The PHP parser treats 'a' and 'b' as part of the same list, but item 'c' is treated as a completely different list.

There are other examples of this sort in the parserTests. It's becoming a source of diffs between PHP and Parsoid.

Change 77988 had a related patch set uploaded by Cscott:
Preprocessor: Don't treat a line containing multiple comments as a blank line.

https://gerrit.wikimedia.org/r/77988

Change 78248 had a related patch set uploaded by Cscott:
Add '-m' option to dumpGrepper; add patterns for bug 41756.

https://gerrit.wikimedia.org/r/78248

Change 78248 merged by jenkins-bot:
Add '-m' option to dumpGrepper; add patterns for bug 41756.

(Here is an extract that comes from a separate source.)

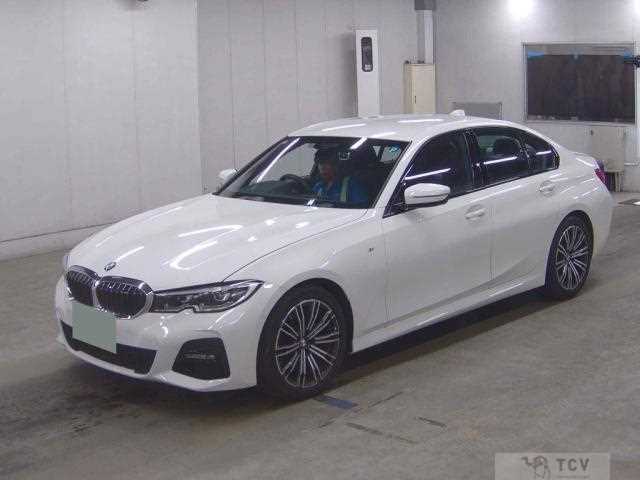 2020 BMW 3 Series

https://gerrit.wikimedia.org/r/78248

subbu notes that parsoid accepts both tabs and spaces surrounding the comments. PHP accepts only spaces. Is it worth tweaking my patch to allow PHP to accept tabs as well? I don't think it will make any/much difference to content, but it would be nice to converge the parsers.

I've grepped through the 20130708 enwiki dump looking to see how many pages this change would affect. I found only 414 pages in the article namespace that are affected -- I put the full list at http://en.wikipedia.org/wiki/User:Cscott/bug41756

There are an additional 1,913 articles in the File: Wikimedia: or Portal: namespace which have lines with more than one space-separated comment. These appear to be mostly bot-generated and mostly harmless. I've put this list on the above page as well.

Change 77988 merged by jenkins-bot:
Preprocessor: Don't treat a line containing multiple comments as a blank line.

https://gerrit.wikimedia.org/r/77988

Verified fixed in beta and test.